Exercise — What you return should match the data below exactly, with no pictures in it.

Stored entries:
[Start of section]

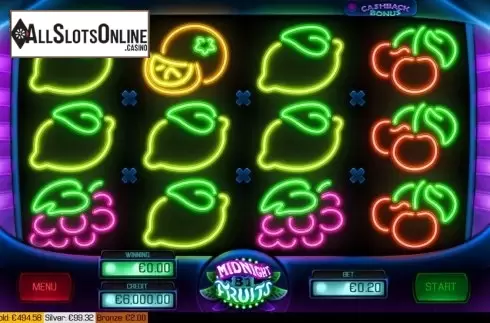 Reel screen. Midnight Fruits from Apollo Games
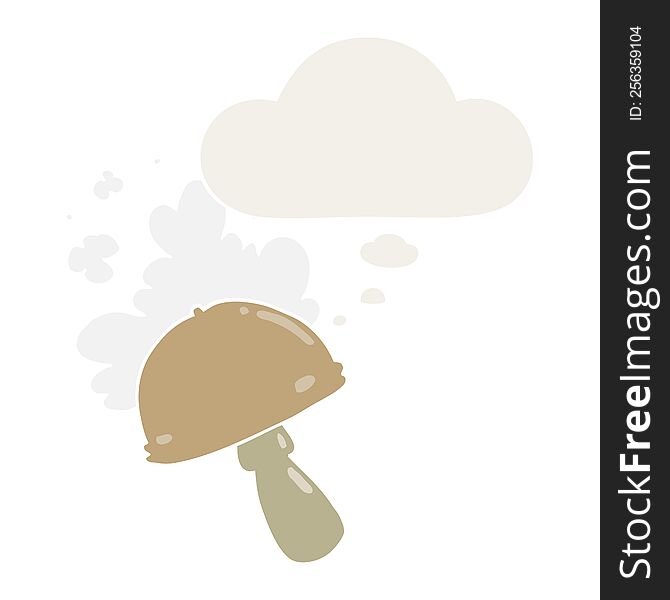 Cartoon Mushroom With Spore Cloud And Thought Bubble In Retro Style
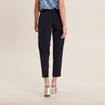 Pantalon flou ceintur&eacute; bleu fonc&eacute; femme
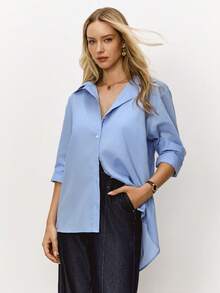 Daynim 纯色纽扣衬衫 - 藍色 - 查看 5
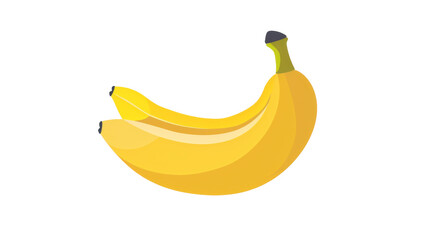 Banana Flat Logo Design on Transparent Background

[End of section]

Solution to this task —
 Reel screen. Midnight Fruits from Apollo Games
 Cartoon Mushroom With Spore Cloud And Thought Bubble In Retro Style
 Pantalon flou ceintur&eacute; bleu fonc&eacute; femme
 Daynim 纯色纽扣衬衫 - 藍色 - 查看 5
 Banana Flat Logo Design on Transparent Background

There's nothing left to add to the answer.